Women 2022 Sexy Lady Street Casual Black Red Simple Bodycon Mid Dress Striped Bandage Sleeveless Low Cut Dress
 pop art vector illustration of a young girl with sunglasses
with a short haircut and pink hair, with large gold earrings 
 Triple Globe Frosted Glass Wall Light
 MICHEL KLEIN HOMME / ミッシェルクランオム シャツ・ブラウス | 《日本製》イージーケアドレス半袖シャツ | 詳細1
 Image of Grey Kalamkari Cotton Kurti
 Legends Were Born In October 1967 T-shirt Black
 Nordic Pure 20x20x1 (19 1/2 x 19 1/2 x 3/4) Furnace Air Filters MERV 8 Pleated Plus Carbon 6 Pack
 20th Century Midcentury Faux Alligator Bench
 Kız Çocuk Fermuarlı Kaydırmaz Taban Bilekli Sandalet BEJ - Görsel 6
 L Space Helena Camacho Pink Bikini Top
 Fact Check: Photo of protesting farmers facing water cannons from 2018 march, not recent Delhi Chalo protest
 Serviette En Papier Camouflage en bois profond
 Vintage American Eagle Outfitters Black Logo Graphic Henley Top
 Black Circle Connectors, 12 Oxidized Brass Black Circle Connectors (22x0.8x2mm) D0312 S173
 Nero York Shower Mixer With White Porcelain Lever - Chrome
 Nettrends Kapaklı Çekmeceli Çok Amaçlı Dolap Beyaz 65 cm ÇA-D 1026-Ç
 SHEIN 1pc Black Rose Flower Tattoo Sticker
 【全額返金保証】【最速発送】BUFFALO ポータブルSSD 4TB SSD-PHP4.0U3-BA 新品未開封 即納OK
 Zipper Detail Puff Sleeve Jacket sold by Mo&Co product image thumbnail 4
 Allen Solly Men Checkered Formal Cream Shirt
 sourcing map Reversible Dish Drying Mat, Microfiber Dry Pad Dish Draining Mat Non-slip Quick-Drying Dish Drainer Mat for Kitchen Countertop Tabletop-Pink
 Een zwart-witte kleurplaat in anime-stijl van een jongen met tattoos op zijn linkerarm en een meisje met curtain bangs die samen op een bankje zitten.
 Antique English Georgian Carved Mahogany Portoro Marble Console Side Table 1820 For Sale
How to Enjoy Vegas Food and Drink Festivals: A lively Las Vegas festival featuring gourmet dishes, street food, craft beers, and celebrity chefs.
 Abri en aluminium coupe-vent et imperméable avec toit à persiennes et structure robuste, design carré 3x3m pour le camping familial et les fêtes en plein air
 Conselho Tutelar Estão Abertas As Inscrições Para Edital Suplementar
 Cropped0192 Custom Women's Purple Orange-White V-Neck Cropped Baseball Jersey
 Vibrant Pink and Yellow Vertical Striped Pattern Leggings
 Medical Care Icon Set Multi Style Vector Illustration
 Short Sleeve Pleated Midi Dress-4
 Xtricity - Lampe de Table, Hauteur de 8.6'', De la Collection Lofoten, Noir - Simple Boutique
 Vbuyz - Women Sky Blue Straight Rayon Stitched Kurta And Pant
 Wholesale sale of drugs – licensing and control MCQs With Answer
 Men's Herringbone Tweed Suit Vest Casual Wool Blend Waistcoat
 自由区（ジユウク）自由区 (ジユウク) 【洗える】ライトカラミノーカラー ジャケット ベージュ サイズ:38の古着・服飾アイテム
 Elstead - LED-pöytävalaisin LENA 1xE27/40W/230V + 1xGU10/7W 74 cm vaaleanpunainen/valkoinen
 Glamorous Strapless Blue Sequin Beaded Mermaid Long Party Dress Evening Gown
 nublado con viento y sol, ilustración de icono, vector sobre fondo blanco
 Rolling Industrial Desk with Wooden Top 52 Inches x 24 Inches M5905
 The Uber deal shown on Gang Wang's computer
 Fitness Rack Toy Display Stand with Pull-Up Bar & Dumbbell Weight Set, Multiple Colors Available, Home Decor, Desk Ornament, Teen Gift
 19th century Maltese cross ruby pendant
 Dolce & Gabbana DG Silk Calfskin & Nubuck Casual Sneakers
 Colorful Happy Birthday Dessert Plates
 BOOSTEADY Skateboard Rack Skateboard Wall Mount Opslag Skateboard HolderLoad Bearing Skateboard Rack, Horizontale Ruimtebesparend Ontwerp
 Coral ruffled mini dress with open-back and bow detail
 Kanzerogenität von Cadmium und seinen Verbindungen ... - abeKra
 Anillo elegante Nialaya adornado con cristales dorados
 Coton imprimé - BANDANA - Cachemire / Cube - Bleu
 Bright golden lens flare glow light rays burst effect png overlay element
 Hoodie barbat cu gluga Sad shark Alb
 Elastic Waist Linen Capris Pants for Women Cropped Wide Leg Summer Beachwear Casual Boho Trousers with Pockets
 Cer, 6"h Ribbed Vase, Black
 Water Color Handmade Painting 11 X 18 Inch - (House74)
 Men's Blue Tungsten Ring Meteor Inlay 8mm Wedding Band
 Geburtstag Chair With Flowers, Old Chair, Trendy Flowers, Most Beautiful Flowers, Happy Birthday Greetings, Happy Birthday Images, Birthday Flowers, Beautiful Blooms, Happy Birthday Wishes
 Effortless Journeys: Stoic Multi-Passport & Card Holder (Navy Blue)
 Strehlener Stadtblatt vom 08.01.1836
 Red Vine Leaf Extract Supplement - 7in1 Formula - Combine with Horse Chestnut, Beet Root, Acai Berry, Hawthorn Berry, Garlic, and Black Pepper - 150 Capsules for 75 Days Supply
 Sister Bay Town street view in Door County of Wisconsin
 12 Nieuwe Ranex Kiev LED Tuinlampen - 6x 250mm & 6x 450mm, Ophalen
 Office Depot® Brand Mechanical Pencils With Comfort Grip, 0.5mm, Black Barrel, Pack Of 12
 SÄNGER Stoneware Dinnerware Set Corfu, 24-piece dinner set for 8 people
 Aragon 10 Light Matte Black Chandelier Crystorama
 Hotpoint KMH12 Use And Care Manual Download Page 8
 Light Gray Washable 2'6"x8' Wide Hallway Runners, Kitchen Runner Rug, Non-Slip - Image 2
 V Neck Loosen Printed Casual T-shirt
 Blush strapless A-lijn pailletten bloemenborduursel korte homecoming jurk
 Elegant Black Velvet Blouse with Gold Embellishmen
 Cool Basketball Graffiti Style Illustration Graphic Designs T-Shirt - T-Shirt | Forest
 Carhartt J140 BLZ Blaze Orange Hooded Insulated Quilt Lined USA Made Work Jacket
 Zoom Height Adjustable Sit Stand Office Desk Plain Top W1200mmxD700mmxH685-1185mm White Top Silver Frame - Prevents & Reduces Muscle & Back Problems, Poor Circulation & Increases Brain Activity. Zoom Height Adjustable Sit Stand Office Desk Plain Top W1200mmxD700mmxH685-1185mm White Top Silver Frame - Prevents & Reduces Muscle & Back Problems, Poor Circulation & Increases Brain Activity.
################
* EXERCISE DETAILS *
Nothing but a number, please: how many lines of the listing hold the word "Wall"?

* RESULT BELOW *
2